# Best Way to Machine a prism for checking ways



## binnaway (Apr 30, 2013)

What is the best option to machine a prism so I can check the ways on a lathe and mill for hand scraping

Refards

Garry


----------



## 4GSR (May 1, 2013)

If you're talking about checking a vee way,  the simplest is taking a small vee block, setting it on top of the vee, upside down.  Either mike the thickness from the top of the vee block to the underside of the bed way, or measure the height from the top of the vee block to a flat spot on top of the bed.  This will give you a fairly accurate measurement within a couple of thousands.  It will at least tell you that your bed is worn in a given area, if you're lucky, no wear at all.

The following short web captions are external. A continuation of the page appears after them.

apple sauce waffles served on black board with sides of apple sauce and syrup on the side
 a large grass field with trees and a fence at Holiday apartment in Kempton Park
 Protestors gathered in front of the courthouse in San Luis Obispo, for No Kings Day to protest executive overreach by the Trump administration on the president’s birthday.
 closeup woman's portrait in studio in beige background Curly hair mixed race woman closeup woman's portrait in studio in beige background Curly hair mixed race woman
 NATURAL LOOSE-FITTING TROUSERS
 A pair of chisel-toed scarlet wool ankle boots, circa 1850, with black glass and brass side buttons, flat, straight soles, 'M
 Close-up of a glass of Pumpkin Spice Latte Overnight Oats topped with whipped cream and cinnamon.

Now if you are wanting to make a "scraping iron" as I call them to scrape a vee to, I would suggest to talk to Richard about doing this.  My preference is to get the bed re-machined and work from this.

Ken


----------



## Richard King (May 1, 2013)

Ken is right, if you can get the bed ground or planned, you will be money and time ahead.  Scraping a lathe bed is a pain especially a SB with double Vee's.  There are several names for cart Iron straight-edges.  I use yo make all of them.  I prefer a camel back with a 45 deg side angle to do dovetails.  The triangle style will bend or conform to the way you scraping as they have no support.  

Many make the mistake in assuming you have to match fit the flat and dovetail at the same degree of angle with a 2 sided prism.  This is wrong as we scrape both flats first parallel to each other and then one dovetail and then measure and scrape the other dovetail parallel.  I will tip up a angled camel-back to do this.    Maybe you should tell us exactly what your planing on scraping, see we can give you the right answer.

Camel backs are also called hump backs.


----------